What you give back from the listing below should be an exact copy of the lines from the one with "Hello Neighbor 2" down to the one with "CROSS 1.3L VVT", and it should contain no pictures.
[The data]
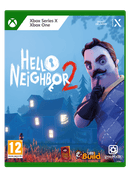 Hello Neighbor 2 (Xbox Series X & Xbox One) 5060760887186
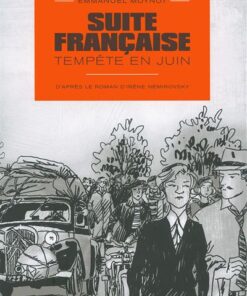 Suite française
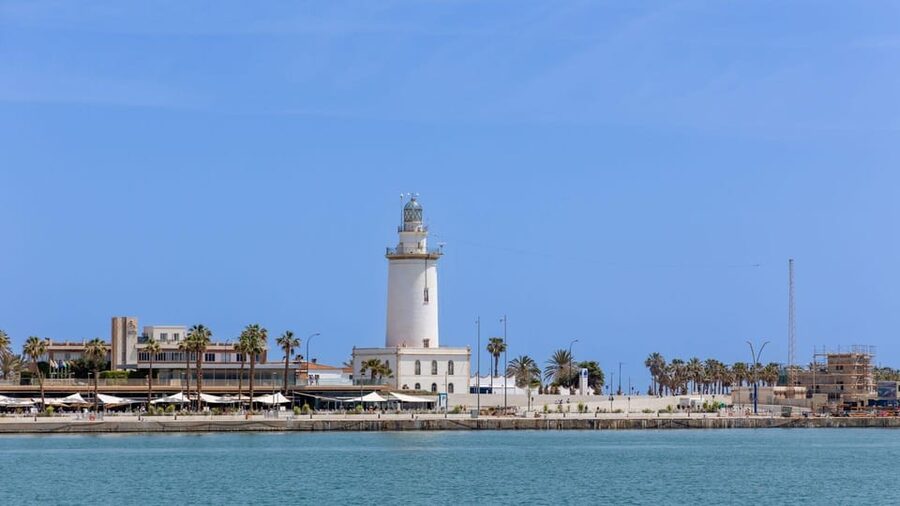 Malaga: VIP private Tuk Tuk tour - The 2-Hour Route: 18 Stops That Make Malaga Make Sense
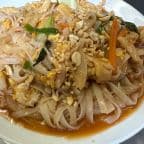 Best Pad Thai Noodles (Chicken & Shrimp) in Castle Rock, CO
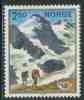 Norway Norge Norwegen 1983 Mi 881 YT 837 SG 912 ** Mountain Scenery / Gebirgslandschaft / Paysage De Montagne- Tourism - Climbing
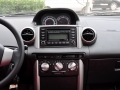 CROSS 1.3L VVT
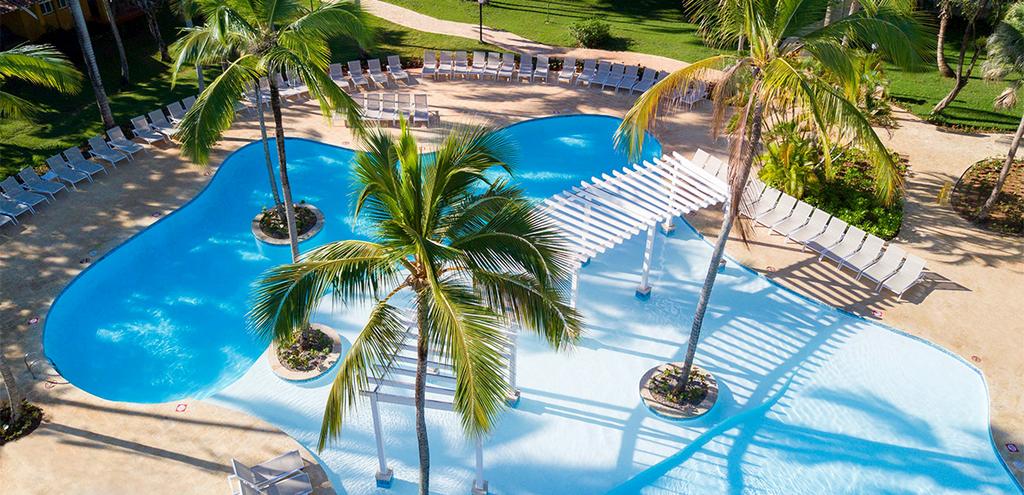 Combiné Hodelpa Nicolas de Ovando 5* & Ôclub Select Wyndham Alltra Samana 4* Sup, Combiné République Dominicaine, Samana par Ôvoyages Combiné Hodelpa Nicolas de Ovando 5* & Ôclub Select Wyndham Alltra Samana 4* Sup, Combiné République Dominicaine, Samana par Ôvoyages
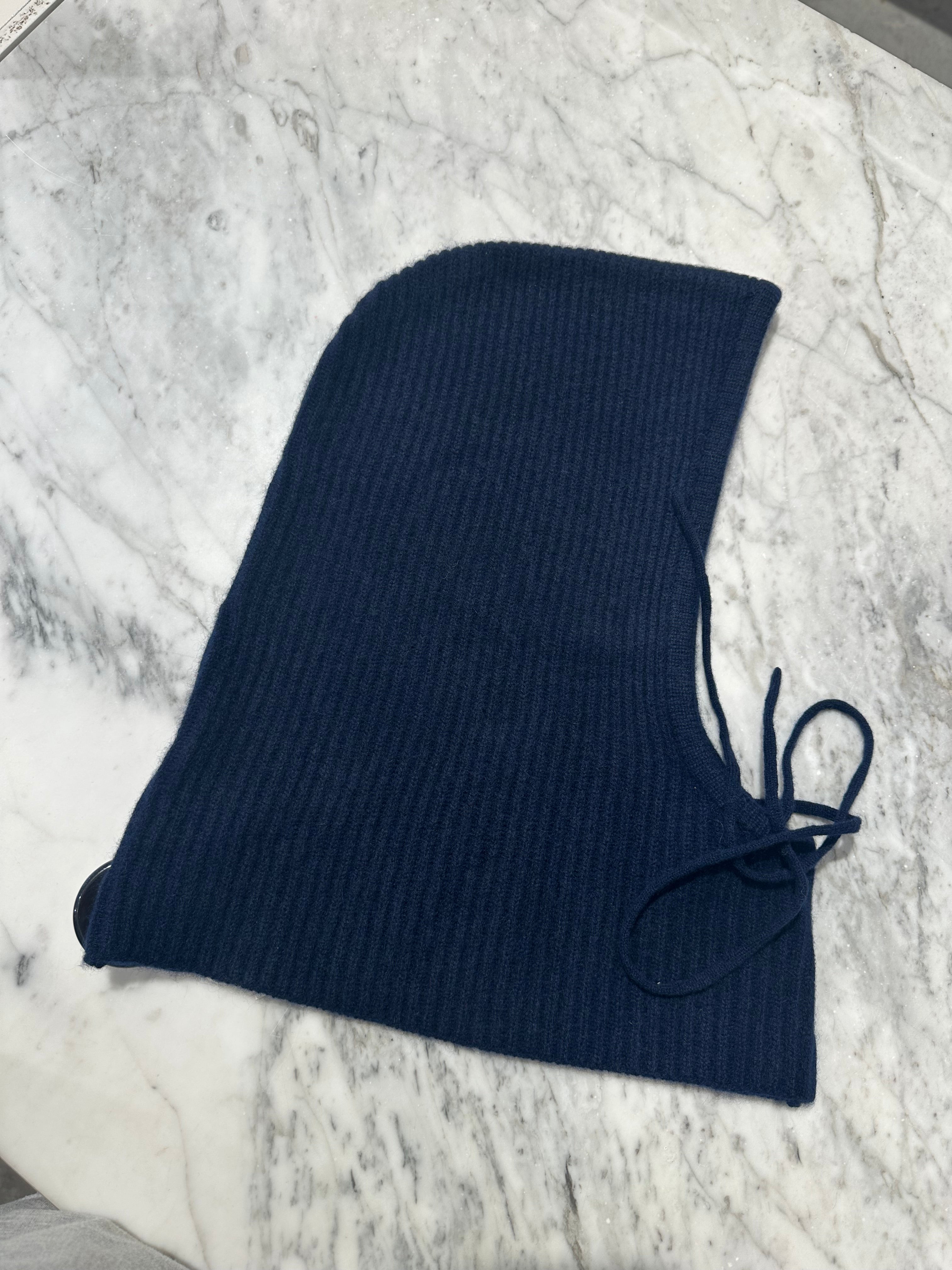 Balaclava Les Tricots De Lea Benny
[/The data]
[The data]
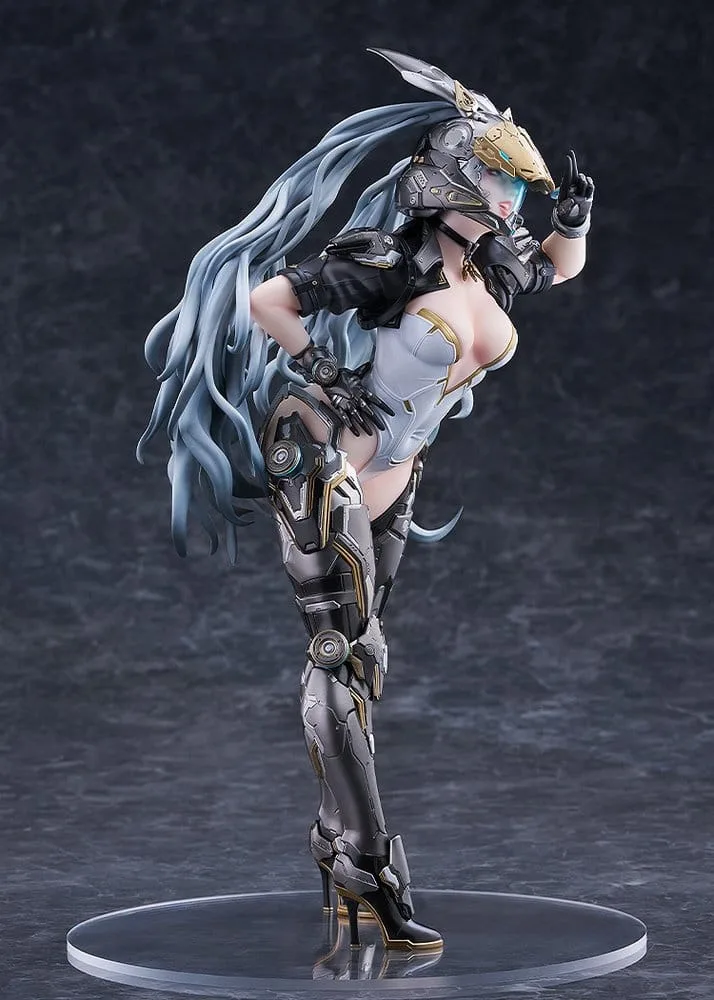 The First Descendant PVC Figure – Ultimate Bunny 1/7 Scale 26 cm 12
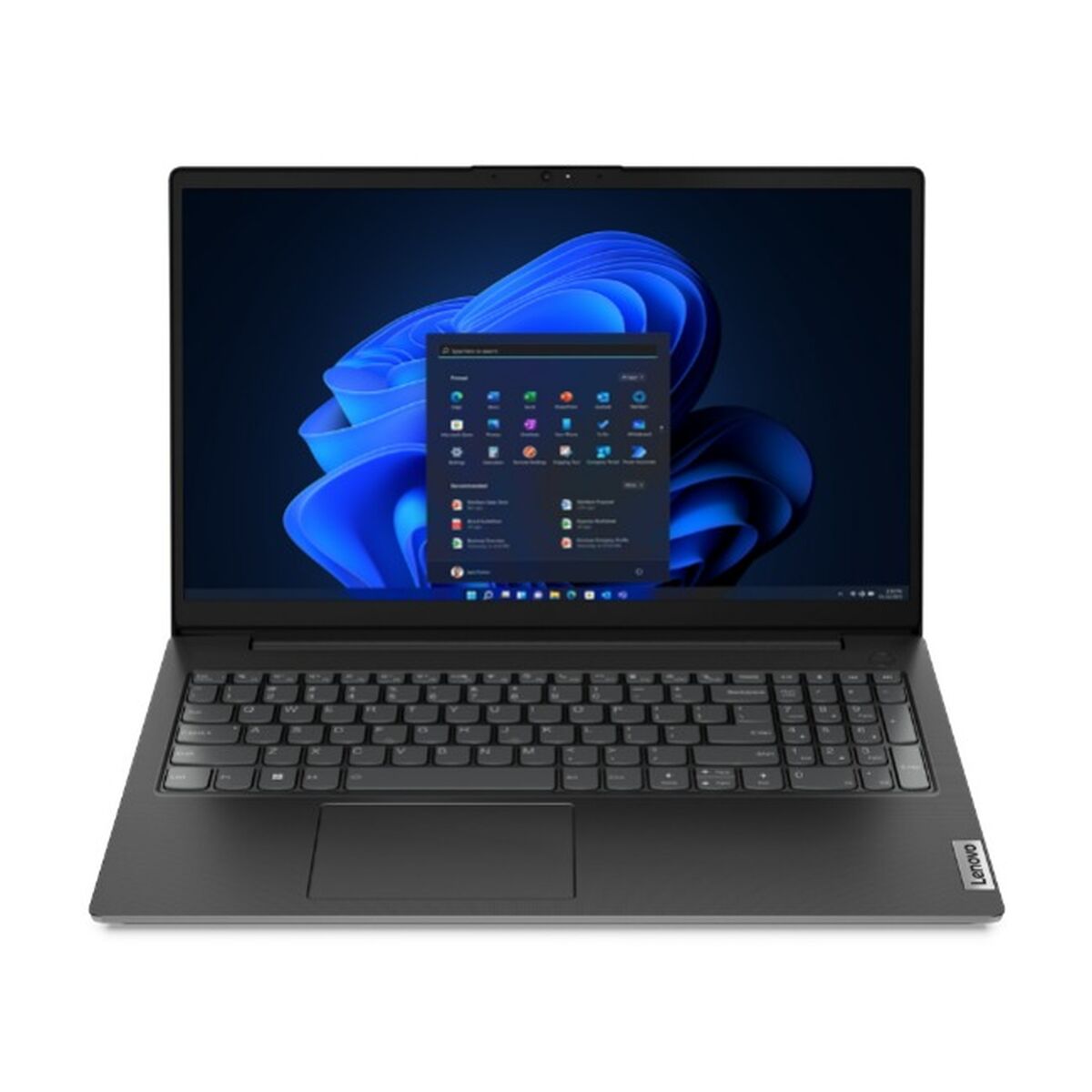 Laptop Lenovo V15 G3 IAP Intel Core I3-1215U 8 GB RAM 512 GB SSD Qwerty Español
[/The data]
— The answer —
 Hello Neighbor 2 (Xbox Series X & Xbox One) 5060760887186
 Suite française
 Malaga: VIP private Tuk Tuk tour - The 2-Hour Route: 18 Stops That Make Malaga Make Sense
 Best Pad Thai Noodles (Chicken & Shrimp) in Castle Rock, CO
 Norway Norge Norwegen 1983 Mi 881 YT 837 SG 912 ** Mountain Scenery / Gebirgslandschaft / Paysage De Montagne- Tourism - Climbing
 CROSS 1.3L VVT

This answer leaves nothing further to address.